14.1 Server-Side Offset Tracking

Server-side tracking is convenient. The broker stores the consumer's progress using the consumer name.

Good for:

  • analytics readers;
  • monitoring consumers;
  • consumers whose handler is idempotent;
  • consumers that can tolerate replay of last N records after crash.

Be careful when:

  • the consumer writes to a database;
  • offset and database commit must be atomic;
  • multiple instances accidentally use the same consumer name without intended coordination.

14.2 External Offset Store

External offset storage is often better when the consumer's state is in a database.

Example table:

CREATE TABLE stream_consumer_checkpoint (
    stream_name        varchar(255) NOT NULL,
    consumer_name      varchar(255) NOT NULL,
    partition_name     varchar(255) NOT NULL DEFAULT '',
    last_offset        bigint NOT NULL,
    updated_at         timestamp NOT NULL DEFAULT current_timestamp,
    PRIMARY KEY (stream_name, consumer_name, partition_name)
);

The consumer can update projection state and checkpoint in one transaction.


15. Stream Ordering Model

A stream preserves append order within that stream.

That does not mean your business always sees correct order.

You still need to account for:

  • multiple producers appending interleaved records;
  • retries and duplicate publish attempts;
  • consumers processing asynchronously;
  • projections committing out of order;
  • retention removing old offsets;
  • super stream partitions when used later.

For one stream, one consumer, synchronous handler, and monotonic offset commit, order is simple.

For a consumer that dispatches to a worker pool, order becomes a design choice.

If order matters, do not process offsets concurrently for the same ordering key unless you have explicit gap/stale handling.


16. Stream Is Not a Full Stream Processing Framework

RabbitMQ Streams provide storage, replay, fan-out, and high-throughput transport.

They do not automatically provide:

  • durable window state;
  • exactly-once stateful processing;
  • repartitioning operators;
  • joins;
  • watermarks;
  • event-time processing;
  • global aggregation correctness;
  • schema registry;
  • state store changelog management.

You can build application-level processing on top of streams, but you own the state model.

Decision rule:

NeedBetter fit
Durable log and replay inside RabbitMQ ecosystemRabbitMQ Streams
Work distribution with retry/DLQquorum queue/classic queue
Stateful event-time processing with joins/windowsKafka Streams/Flink/Spark-like tooling
Permanent event source of truthevent store/database + outbox
High fan-out retained event feedRabbitMQ Streams

17. Stream + Queue Hybrid Architecture

The strongest RabbitMQ designs often combine queues and streams.

Example:

Stream role:

  • durable event feed;
  • replayable history;
  • fan-out to projections and analytics.

Queue role:

  • work dispatch;
  • retry/DLQ;
  • command handling;
  • bounded worker concurrency.

Do not force all messaging into one primitive.

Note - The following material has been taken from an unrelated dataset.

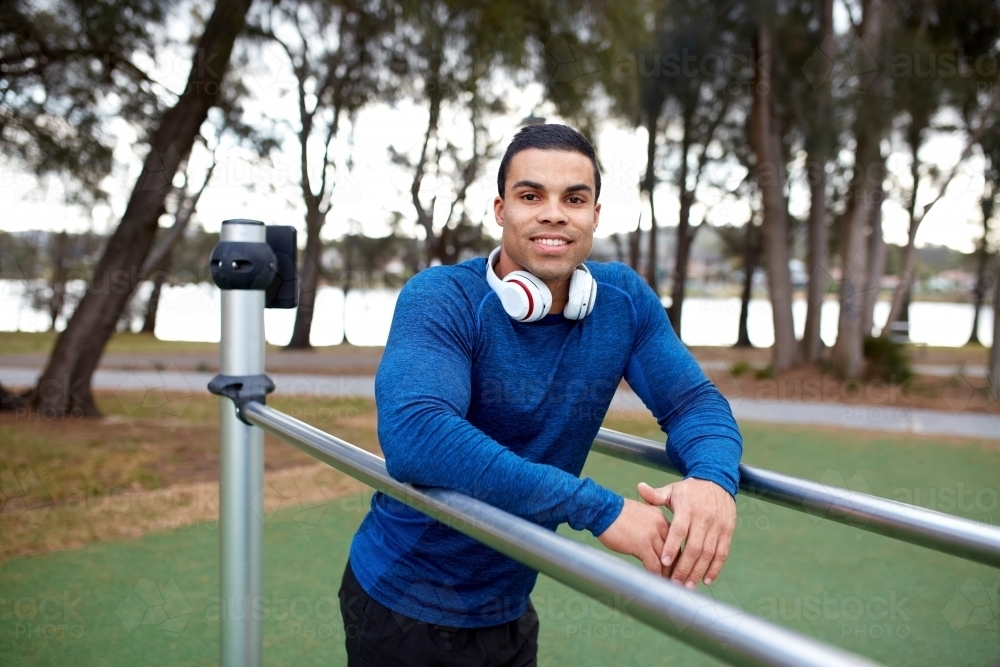 Young Indigenous man working out at park - Australian Stock Image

Use each primitive according to its semantics.


18. Stream-Powered Event-Carried State Transfer

A stream is especially useful for event-carried state transfer.

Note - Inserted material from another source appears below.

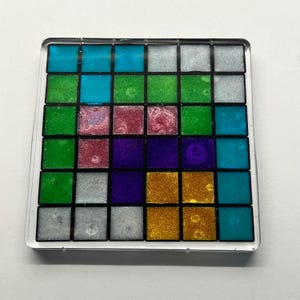 May include: Square coaster with a grid of colourful squares in shades of blue, green, pink, purple, silver, and gold. The squares are encased in a clear, square border.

Instead of publishing only:

{
  "eventType": "OrderUpdated",
  "orderId": "O-1001"
}

publish enough state for consumers to build local projections:

{
  "eventId": "01JZ8K9P6S9K1W0YVZK8A1QJ4M",
  "eventType": "OrderPriced",
  "schemaVersion": 1,
  "occurredAt": "2026-07-01T10:15:30Z",
  "aggregateId": "O-1001",
  "aggregateVersion": 7,
  "payload": {
    "orderId": "O-1001",
    "customerId": "C-991",
    "currency": "IDR",
    "totalAmount": 1725000,
    "pricingStatus": "FINAL"
  }
}

Why it matters:

  • consumers do not need synchronous calls back to producer service;
  • replay can rebuild downstream projections;
  • historical events remain explainable;
  • consumer coupling is lower.

But this requires schema discipline and privacy discipline. Retained logs can amplify PII mistakes.

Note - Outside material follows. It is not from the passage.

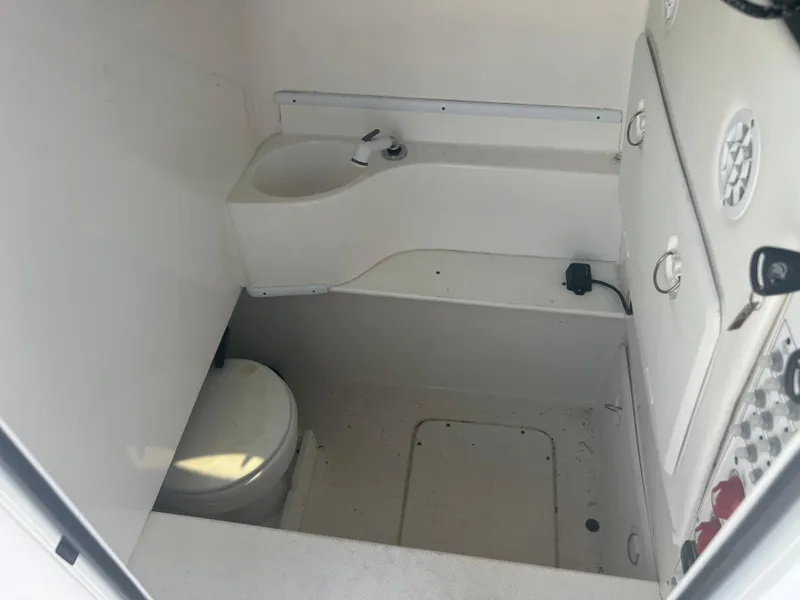 Slide: The Image of Interior of 2021 Contender 32 ST boat featuring compact bathroom with toilet and sink. - 23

19. Retained Logs and Compliance

Streams are attractive for auditability, but auditability is not the same as compliance.

Consider:

ConcernDesign implication
PIIavoid or minimize sensitive payloads
retention lawretention must match policy/legal basis
deletion requestimmutable retained logs complicate erase workflows
encryptionuse TLS in transit; consider application-level encryption for sensitive fields
access controlvhost/user permissions must separate producers, consumers, operators
forensic trailevent IDs, correlation IDs, producer identity, schema version
evidence qualitytimestamps, causation, ordering key, source commit reference

For regulated systems, the stream should record facts, but the source-of-truth evidence model must be intentional.


20. Failure Model for Streams

Streams change failure semantics.

20.1 Producer Failure

Possible outcomes:

Failure pointBroker stateProducer stateRisk
before appendno recordpublish failedmissing event unless retried
after append before confirmrecord existsproducer uncertainduplicate on retry
after confirmrecord existsproducer safenormal

Mitigation:

  • publisher confirms;
  • producer-side deduplication where appropriate;
  • stable producer identity and publishing IDs;
  • outbox relay for database-to-stream atomicity.

20.2 Consumer Failure

Possible outcomes:

Failure pointBusiness effectStored offsetResult
before effectno effectold offsetreplay safe
after effect before offseteffect committedold offsetduplicate processing
after offset before effectno effectnew offsetdata skipped
after botheffect committednew offsetnormal

Design bias:

Prefer duplicates over skips.

20.3 Broker/Replica Failure

Streams are replicated. Availability and safety depend on replica state and quorum. Operationally, this means:

  • do not treat streams as single-node files;
  • monitor replica health;
  • use uneven cluster sizes where quorum systems are involved;
  • do not decommission nodes without stream replica planning;
  • understand leader placement and client connection locality.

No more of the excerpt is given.